(Assignment): Extract the lines beginning at the one that holds "Dubai Marina Panoraması" and ending at the final line of the material below, keeping them exact and leaving out all pictures.

(Data listing):
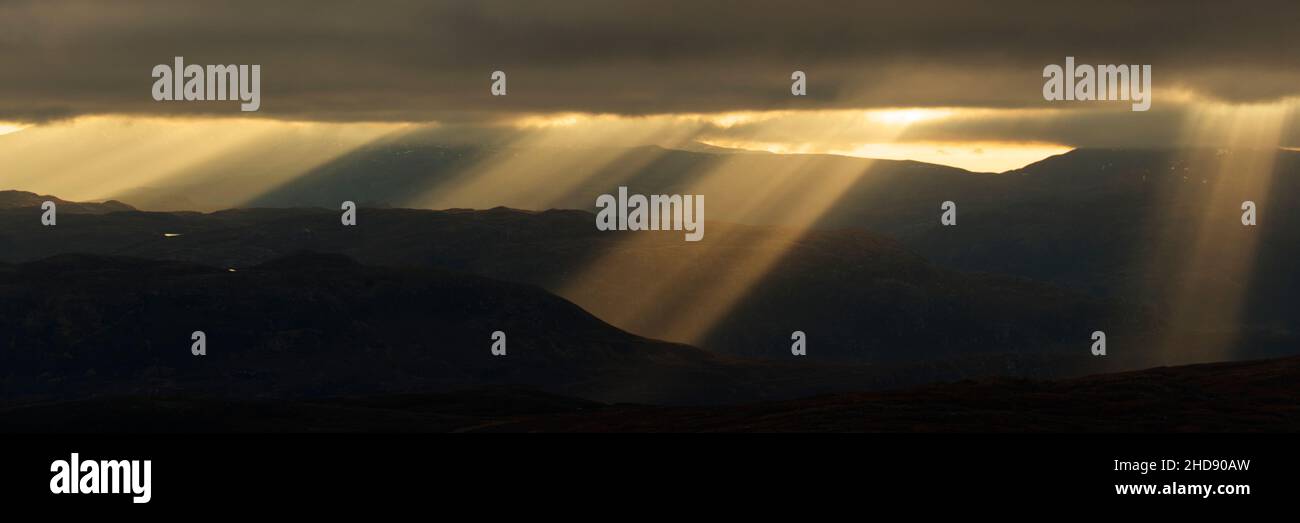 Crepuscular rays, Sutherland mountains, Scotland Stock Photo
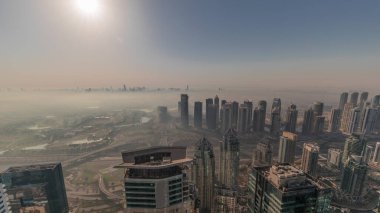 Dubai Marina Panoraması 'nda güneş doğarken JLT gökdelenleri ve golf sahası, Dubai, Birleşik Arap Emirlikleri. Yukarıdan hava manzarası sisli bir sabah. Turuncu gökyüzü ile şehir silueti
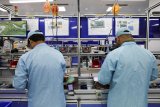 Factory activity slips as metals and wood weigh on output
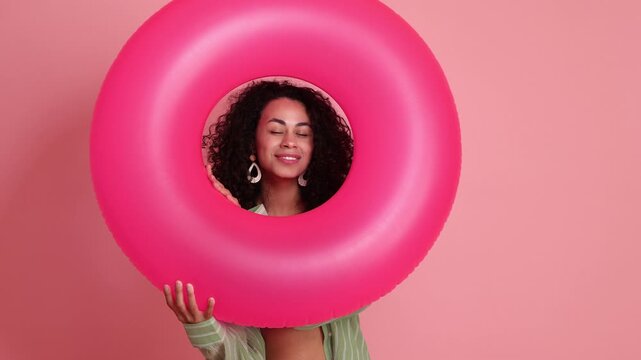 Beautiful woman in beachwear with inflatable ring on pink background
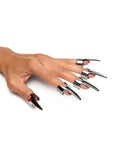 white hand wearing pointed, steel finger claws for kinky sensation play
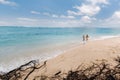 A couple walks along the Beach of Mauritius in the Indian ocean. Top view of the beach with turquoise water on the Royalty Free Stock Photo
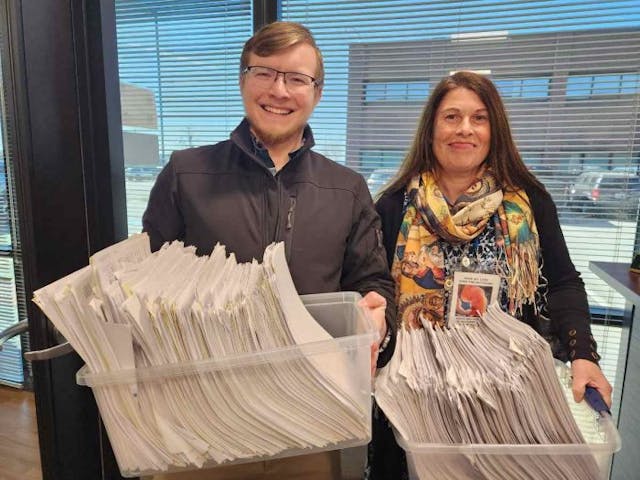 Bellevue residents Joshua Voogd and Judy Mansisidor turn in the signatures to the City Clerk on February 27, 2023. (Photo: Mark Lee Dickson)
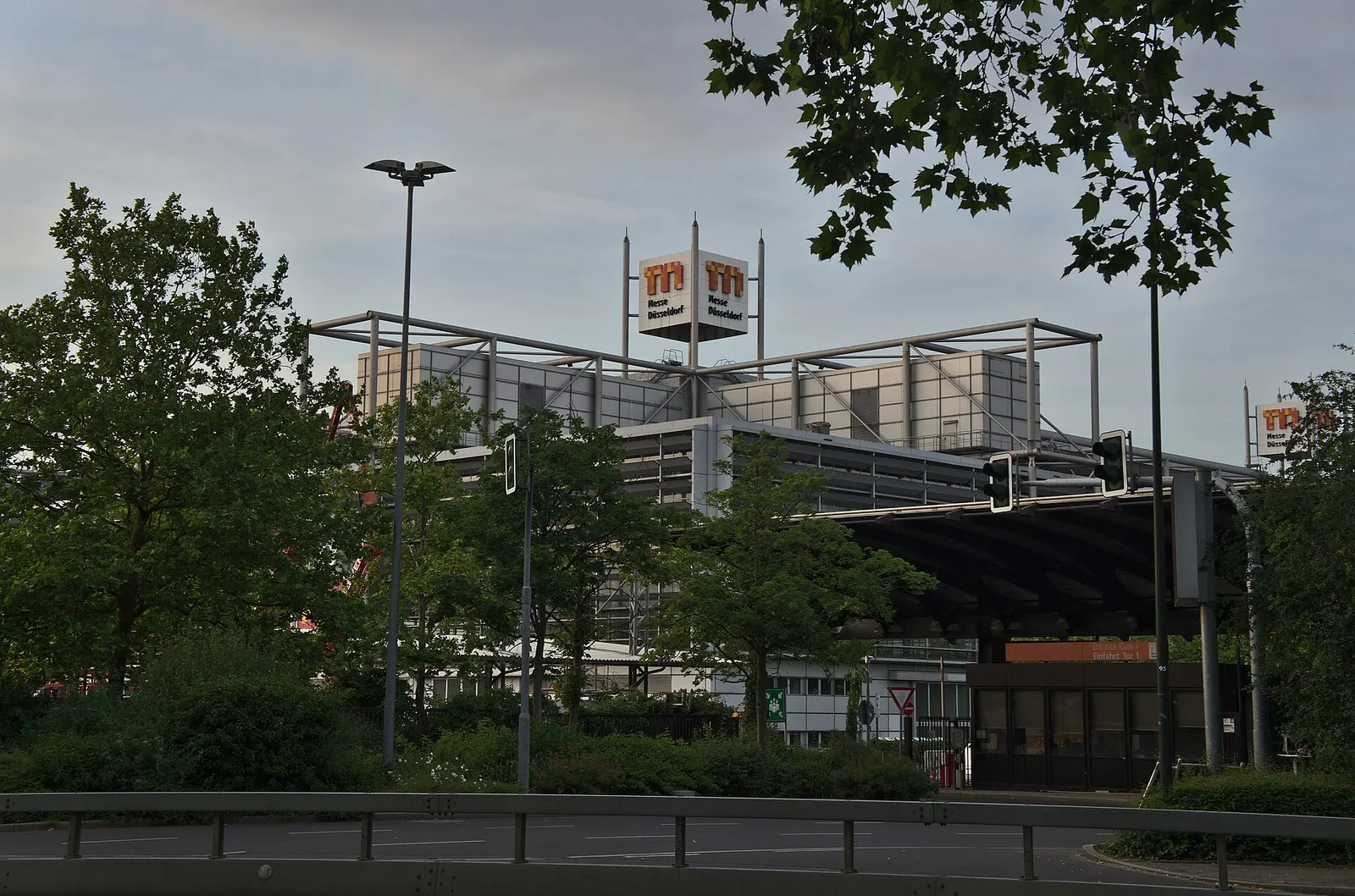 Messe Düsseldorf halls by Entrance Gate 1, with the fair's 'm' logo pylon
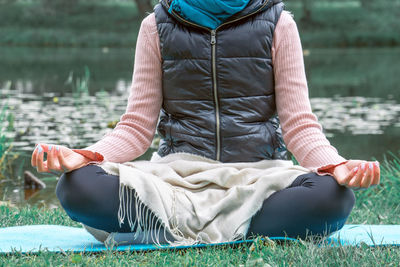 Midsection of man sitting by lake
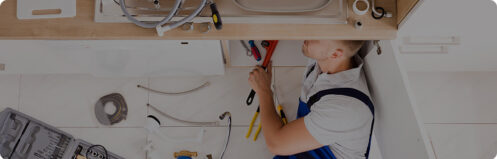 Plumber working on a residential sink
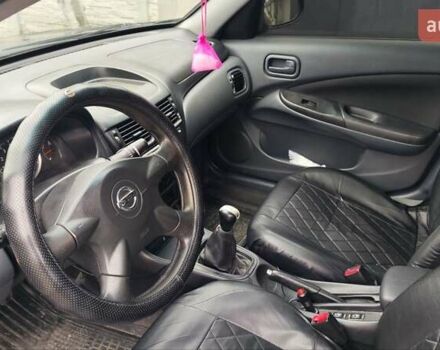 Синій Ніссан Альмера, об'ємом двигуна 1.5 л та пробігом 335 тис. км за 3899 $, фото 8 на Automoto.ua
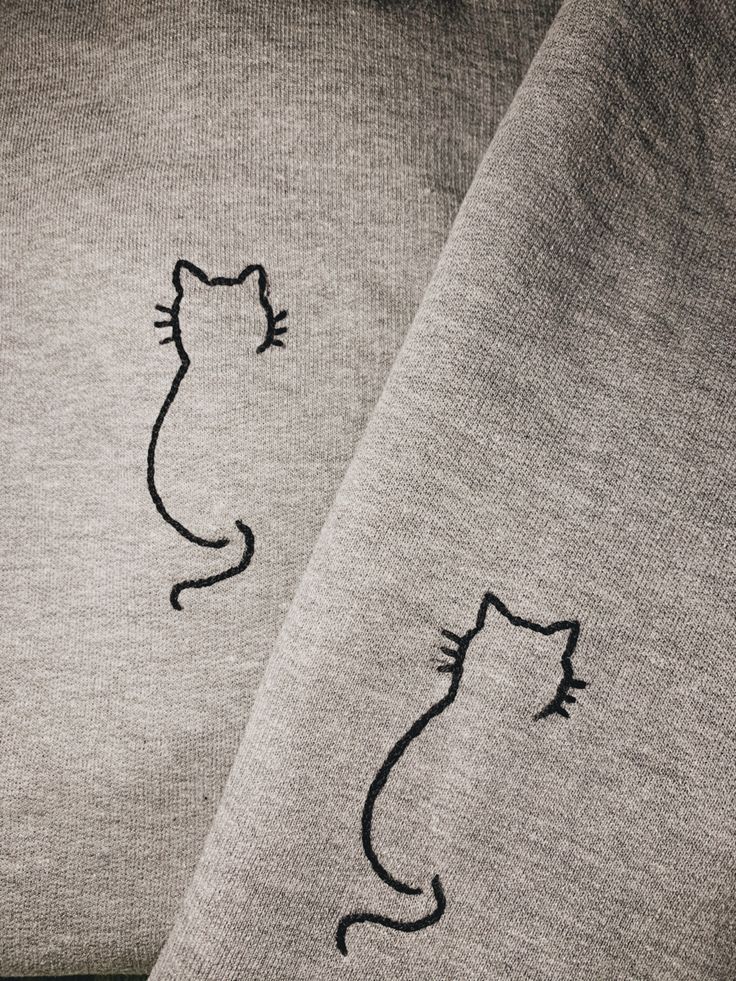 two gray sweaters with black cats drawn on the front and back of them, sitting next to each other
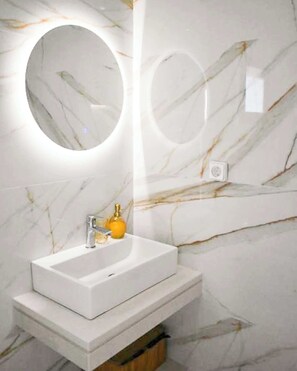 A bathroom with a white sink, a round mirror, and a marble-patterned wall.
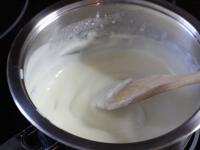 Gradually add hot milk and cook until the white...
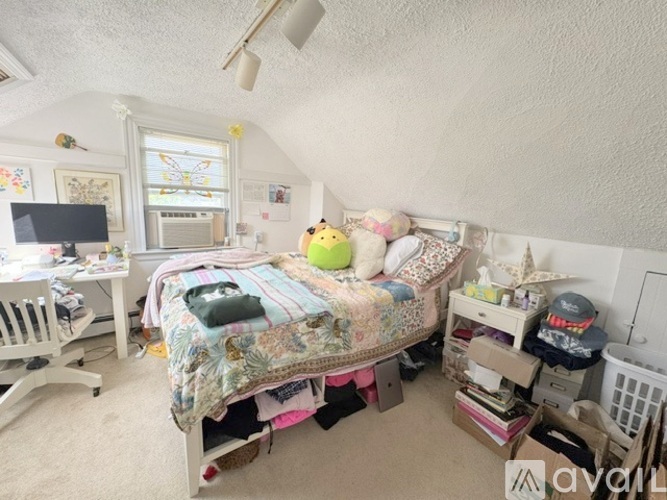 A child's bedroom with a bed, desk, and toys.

(Exercise response):
 Dubai Marina Panoraması 'nda güneş doğarken JLT gökdelenleri ve golf sahası, Dubai, Birleşik Arap Emirlikleri. Yukarıdan hava manzarası sisli bir sabah. Turuncu gökyüzü ile şehir silueti
 Factory activity slips as metals and wood weigh on output
 Beautiful woman in beachwear with inflatable ring on pink background
 white hand wearing pointed, steel finger claws for kinky sensation play
 A couple walks along the Beach of Mauritius in the Indian ocean. Top view of the beach with turquoise water on the Royalty Free Stock Photo
 Bellevue residents Joshua Voogd and Judy Mansisidor turn in the signatures to the City Clerk on February 27, 2023. (Photo: Mark Lee Dickson)
 Messe Düsseldorf halls by Entrance Gate 1, with the fair's 'm' logo pylon
 Midsection of man sitting by lake
 Plumber working on a residential sink
 Синій Ніссан Альмера, об'ємом двигуна 1.5 л та пробігом 335 тис. км за 3899 $, фото 8 на Automoto.ua
 two gray sweaters with black cats drawn on the front and back of them, sitting next to each other
 A bathroom with a white sink, a round mirror, and a marble-patterned wall.
 Gradually add hot milk and cook until the white...
 A child's bedroom with a bed, desk, and toys.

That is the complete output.